Scripture commands us to have lives in services to others: “Let all that you do be done in love” (1 Cor. 16:14). “Be kind to one another, tenderhearted, forgiving one another, as God in Christ forgave you” (Eph. 4:32). “Whoever despises his neighbor is a sinner, but blessed is he who is generous to the poor” (Prov. 14:21). “But love your enemies, and do good, and lend, expecting nothing in return, and your reward will be great” (Lk. 6:35). Just to list a few commands to act with love, kindness and goodness.

But to quote the classic ear-worm: “What is Love?” What is at the center of our Christian response to others? It seems the center of love is emptying one’s self. It’s completely counter-intuitive to our individualism, but we are often called to deny our own pleasure, rights, and privileges for the sake of others. Jesus’ Sermon on the Mount in Matthew 5 through 7 can be boiled down to just this. The Beatitudes subvert expectation and praise the selfless. Jesus says to turn the other cheek—to not repay evil with evil. We are supposed to give to the needy with no expectation of getting anything in return.

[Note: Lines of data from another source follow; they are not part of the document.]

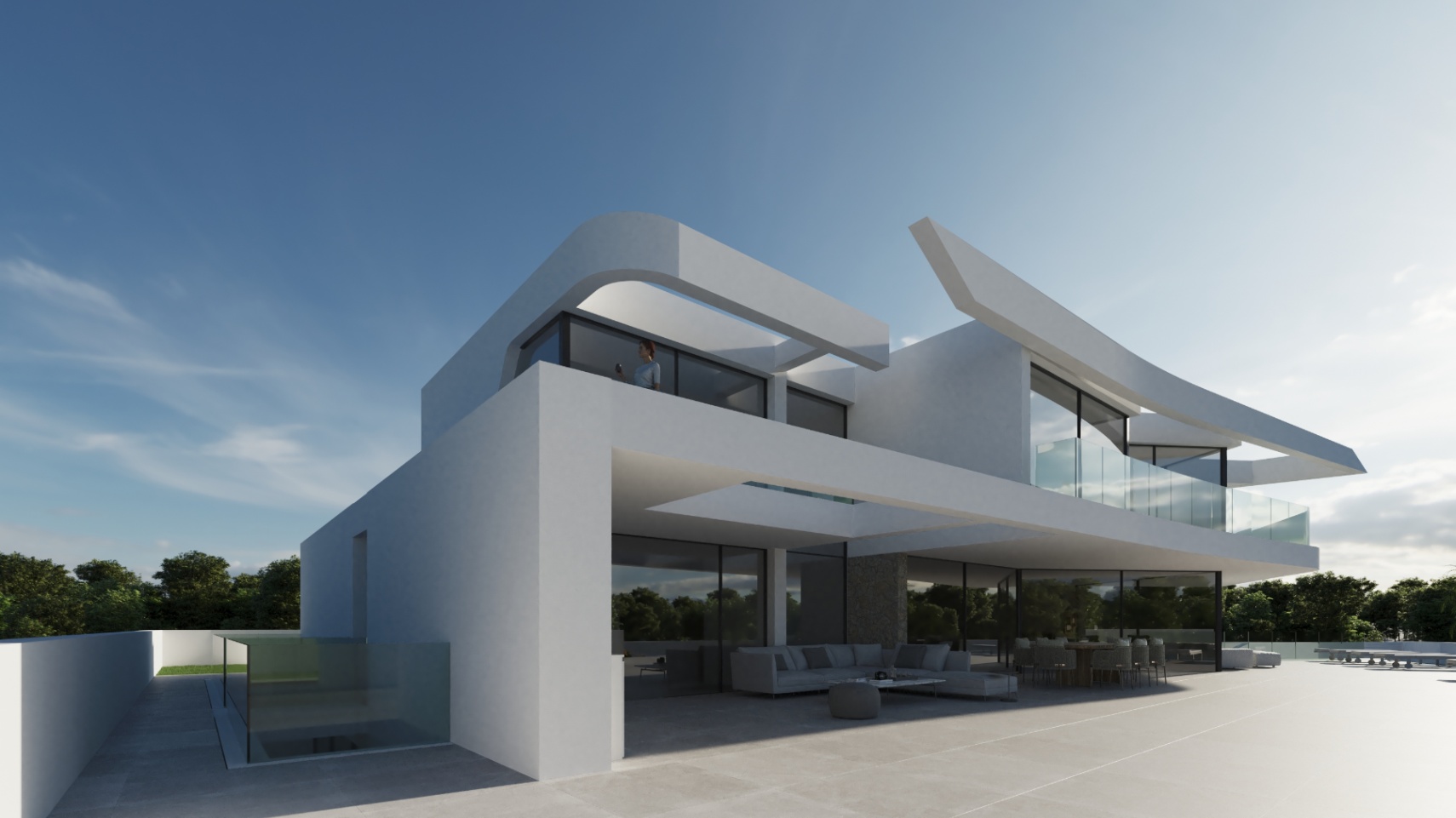 Modern white exterior featuring cantilevered architectural elements, glass balustrades, and a spacious terrace with lounge and dining areas.
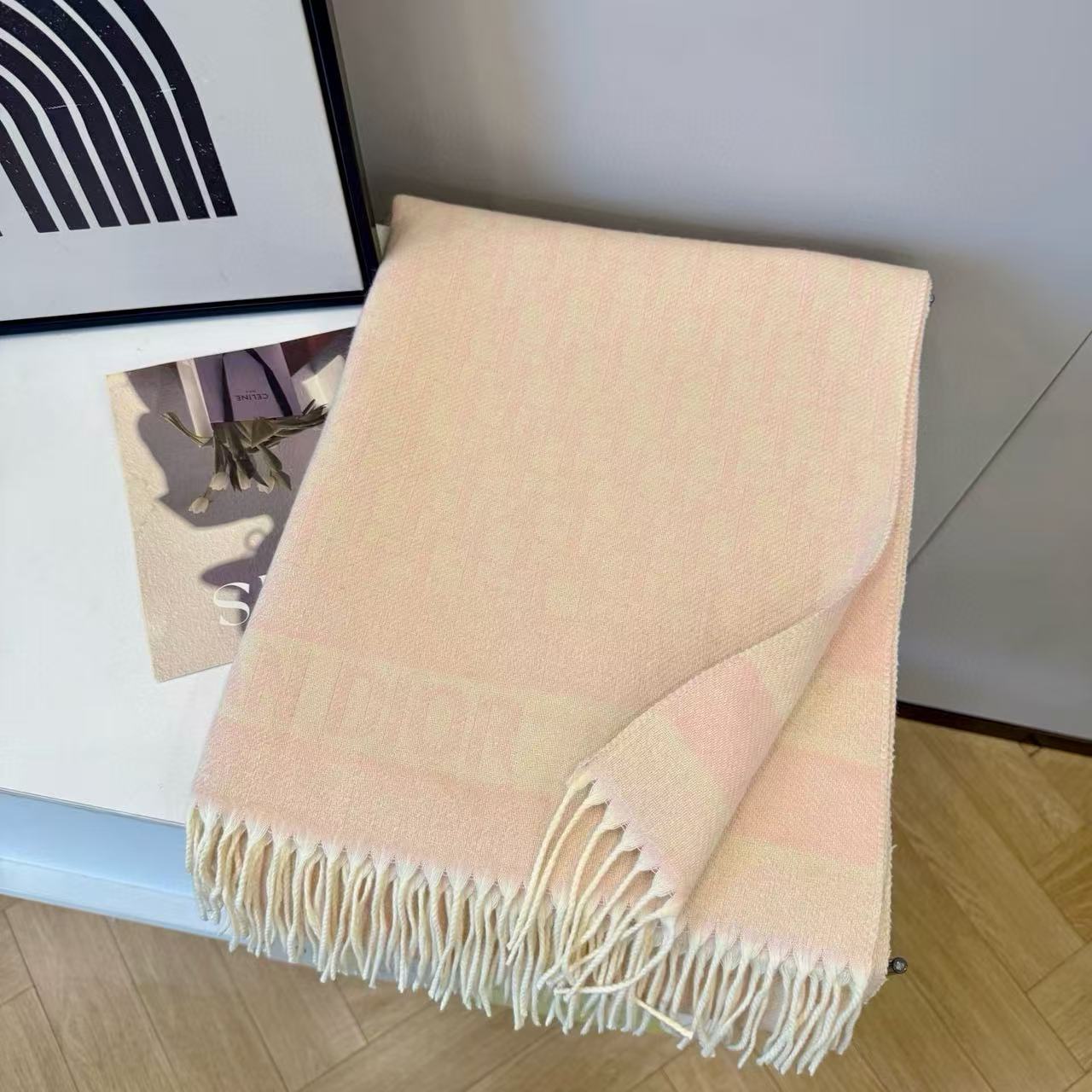 DI0R ジャカードタッセル カシミアスカーフ【50％割引+送料無料】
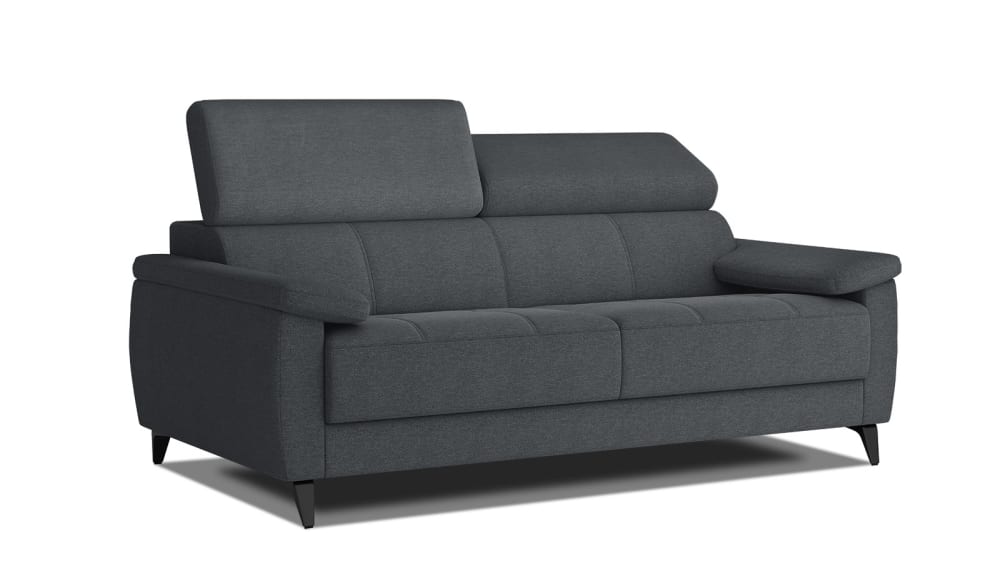 Canapé droit 3 places XXL tissu graphite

These are hard commands to follow, but we do these things because that’s who we are. Selflessness is not selflessness if we only love to get “points for Heaven.” We aren’t actually kind if we are only kind to get praise. And we aren’t even truly good if we act good just to impress other people into coming to the faith. As Christians, we act lovingly because of our connection with God. 1 John 4:8 reminds, “Anyone who does not love does not know God, because God is love.” And a few verses later: “We love because he first loved us” (4:19). Love flows from us because we have been transformed by God, through Jesus. Jesus is the perfect example of selfless kindness—that’s what happen on the cross. Jesus put against his own fears, desires, convenience because God so loved the world (John 3:16).

Discussion Questions

Feel free to comment your answers below, on social media, or just discuss among your family.

  • Why is it hard to love others above ourselves?
  • How would the world change if Christians lovingly looked after the interests of others?
  • What pleasures, rights or privileges do you struggle to give up the most?
  • Who (or what type of person) in your life is the most difficult to love above yourself?
  • What actions can you take to be more selfless in your everyday life?

Prayer Prompt

Thank God for showing unfathomable love to us. Confess to God any shortcomings in how you love others. Ask that you reflect God’s love in your own daily live and that you can follow the example of Jesus.